When he got back the breakfast table was spread, and his mother taking her place at it. Mr. Milnathort had not gone away as he intended by the night train. He had remained in Mrs. Methven's spare room, surrounded by all the attentions and civilities that a household of women, regarding him with a sort of awe as a miraculous messenger or even creator of good fortune, could show to a bachelor gentleman, somewhat prim and old-fashioned in his habits and ways. It was his intention to leave Sloebury by the eleven o'clock train, and he had arranged that Walter should meet him in Edinburgh within a week, to be made acquainted with several family matters, in which, as the head of the house, it was necessary that he should be fully instructed. Neither Walter nor his mother paid very much attention to these arrangements, nor even remarked that the old lawyer spoke of them with great gravity. Mrs. Methven was busy making tea, and full of anxiety that Mr. Milnathort should breakfast well and largely, after what she had always understood to be the fashion of his country; and as for Walter, he was not in a state of mind to observe particularly any such indications of manner. Cousin Sophia was the only one who remarked the solemnity of his tone and aspect.

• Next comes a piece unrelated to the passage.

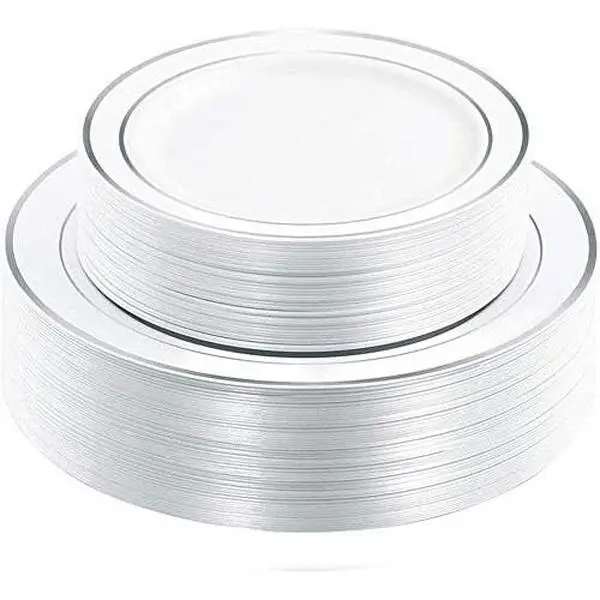 60 count  Plastic Plates Disposable -  Plates Include 30 count 10.25inch  Dinner Plates and 30 count 7.5inch  Salad Plates for Wedding & Party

"One would suppose there was some ordeal to go through," she said in her vivacious way.
"A young gentleman who is taking up a large fortune and a great responsibility will have many ordeals to go through, madam," Mr. Milnathort said in his deliberate tones: but he did not smile or take any other notice of her archness. It was settled accordingly, that after a few days for preparation and leave-taking, young Lord Erradeen should leave Sloebury. "And if I might advise, alone," Mr. Milnathort said, "the place is perhaps not just in a condition to receive ladies. I would think it wiser on the whole, madam, if you deferred your coming till his lordship there has settled everything for your reception."
"My coming?" said Mrs. Methven. The last twelve hours had made an extraordinary difference in her feelings and faith; but still she had not forgotten what had gone before, nor the controversies and struggles of the past. "We must leave all that for after consideration," she said.
Walter was about to speak impulsively, but old Milnathort stopped him with a skilful interruption—
"It will perhaps be the wisest way," he said; "there will be many things to arrange. When Lord Erradeen has visited the property, and understands everything about it, then he will be able to——"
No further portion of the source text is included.